For taxi drivers, the challenge is different. Without centralised booking systems, much of their working day is unrecorded. Time spent waiting on ranks, parked between jobs or informally seeking fares would be difficult to quantify. Legislating for maximum hours would therefore require a clear and enforceable definition of what constitutes active work versus availability.


Any move to cap working time would require new legislation, clearer definitions of ‘working time’ and expanded data-sharing powers


Data access would present another major legal hurdle even though private hire operators hold detailed records of trips, driver log-in times and job allocations. However, licensing authorities do not currently have automatic rights to access and aggregate this data for the purpose of monitoring working hours. Expanding those powers would likely require changes to data protection frameworks and new statutory obligations on operators to share information with regulators.

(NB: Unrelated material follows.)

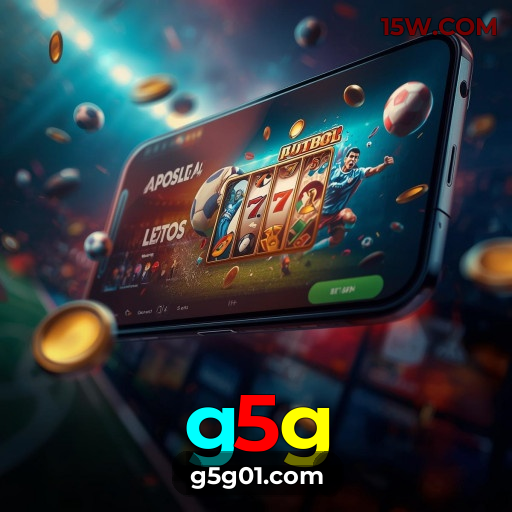Fortune Tiger - Jogo mais popular do Brasil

Any such system would also need to address privacy and commercial sensitivities. Operators may resist sharing granular driver data without clear legal protections and limits on how it is used. Regulators, in turn, would need the infrastructure and resources to process and act on that data effectively.

A national hours cap would only be meaningful if breaches could be identified and sanctioned meaning enforcement mechanisms would need to be clearly defined. This could involve linking driver activity across platforms through a central database or requiring drivers to declare total working hours. Both approaches carry huge practical and legal complications, particularly around accuracy and accountability.


Taxi drivers and representative bodies have long argued that imposing working time limits on self-employed individuals could face legal challenge, particularly if it restricts their ability to earn a living. Any legislative change would need to somehow balance public safety concerns with established rights around self-employment and economic activity.

Finally, national standards would need to align with the existing role of local licensing authorities. Councils currently retain responsibility for determining whether a driver is “fit and proper” to hold a licence. Introducing centrally mandated working time limits could shift part of that responsibility to a national framework, requiring coordination between central government and local regulators.


This means any move towards national limits is unlikely to be quick or simple. It would involve coordinated legislative reform, agreement across multiple stakeholders, and the creation of new systems to monitor and enforce compliance. There would also likely be a lot of push back from drivers, especially from the those unable to make reduced working hours viable.

Until those foundations are in place, working hour controls are likely to remain advisory, with enforcement continuing to rely on existing licensing powers where fatigue presents a clear safety risk.